Basically, if an employer has a dangerous workplace, it has to figure out if there are enhanced safety risks that would justify this intrusion on privacy rights, said Marsden.
“In this case, (the court) decided that there wasn’t this extra step. They recognized it was a dangerous workplace but there weren’t enhanced safety risks because there was no evidence of a general problem of alcohol abuse.”
But it’s not clear what exactly that means, said Page.
“It’s being left for labour arbitrators on a case-by-case basis to decide whether an employer has demonstrated a general problem, and this will all eventually come back to court in another case — and maybe the test gets refined a bit.”
However, there’s not that much new to the Supreme Court decision, according to Daniel Leger, a partner at Pink Larkin in Fredericton acting for CEP.
“I view this decision as more of a confirmation that the existing arbitration case law that’s well-established is not out of line and, in fact, it’s well in line with the established case law.”

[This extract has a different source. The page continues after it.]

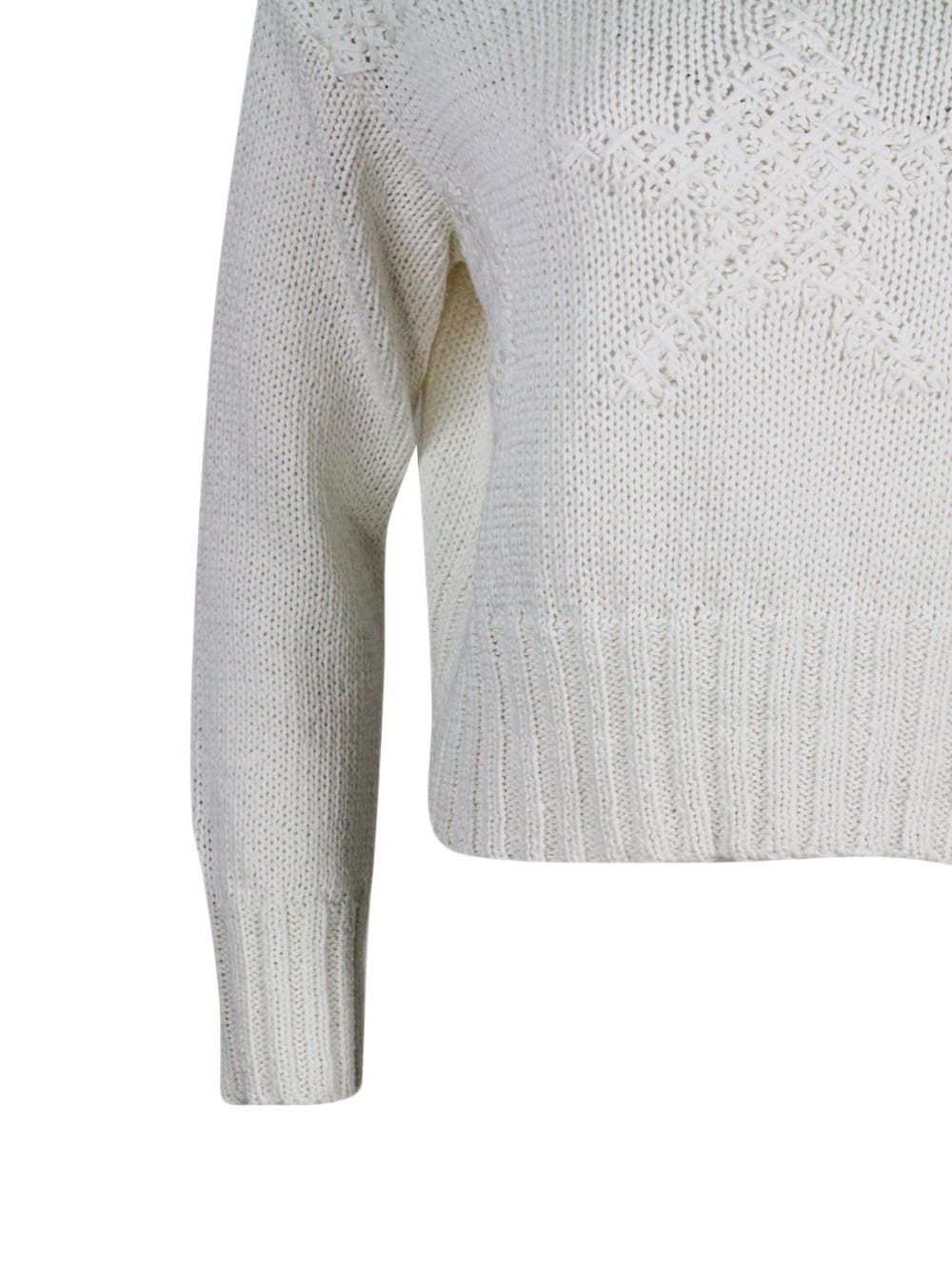 Shop Lorena Antoniazzi Long-sleeved Crew-neck Sweater In Cotton With Refined Star Work On The Front In Cream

However, the Supreme Court did not say an employer can never impose random testing at a dangerous workplace.
“If it represents a proportionate response in light of both legitimate safety concerns and privacy interests, it may well be justified,” it said.
This is one of the positives for employers, said Marsden.

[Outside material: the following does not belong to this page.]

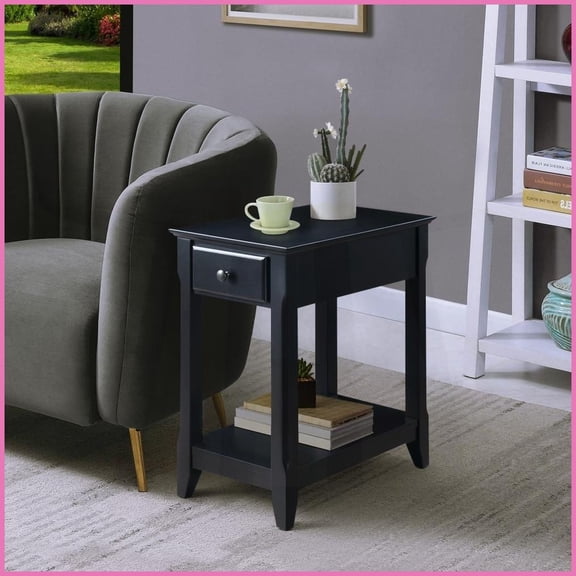 Space-Saving Black Coffee Table with Drawer & Bottom Shelf, Durable Wood-MDF Build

“The Supreme Court of Canada has now said reasonable cause testing is OK.”
It’s about facts-based analysis and employers establishing a real problem with respect to alcohol or drugs, said Leger.
“That’s where case law is: It needs to be reactive versus proactive.”
Management rights clause
A legal issue at the heart of the case was the interpretation of the management rights clause of a collective agreement, said the Supreme Court of Canada.
The arbitration board had concluded the expected safety gains to Irving ranged from uncertain to minimal while the impact on employee privacy was severe, so “the employer exceeded the scope of its rights under the collective agreement,” said the court.
Irving took the position that it alone was responsible for the health and safety of employees, said Leger.
“When it comes to dealing with serious privacy concerns in health and safety, the best approach is one where the worker and employer are working together,” he said.
“Essentially, that’s what the case boiled down to: Employee privacy rights versus an employer’s thought that it’s really in charge of managing safety all on its own.”
Three Supreme Court of Canada judges in Communications, Energy and Paperworkers Union of Canada, Local 30 v. Irving Pulp & Paper Ltd. expressed dissenting opinions about the arbitration board’s original ruling in favour of the union.
They said it “departed from arbitral consensus that has attempted to strike a balance between competing interests in privacy and safety in the workplace… In so doing, it came to an unreasonable decision.”
The board applied the standard of a “significant” or “serious” problem, which does not reflect arbitral consensus for justification of a random alcohol testing policy, said the dissenters. It also required the alcohol use to be linked to the accident, injury or near miss history at the plant, when there is no support for such a requirement in the arbitral jurisprudence.
The dissenters also said it might be a good idea to reassess the legislative choice to delegate policy-making for drug and alcohol testing to the collective bargaining process and arbitrators.
“It is one thing for employers and employees to negotiate a balance as they see fit with respect to their own privacy and safety. It is a different matter, however, to leave the public interest to the vicissitudes of the bargaining table.”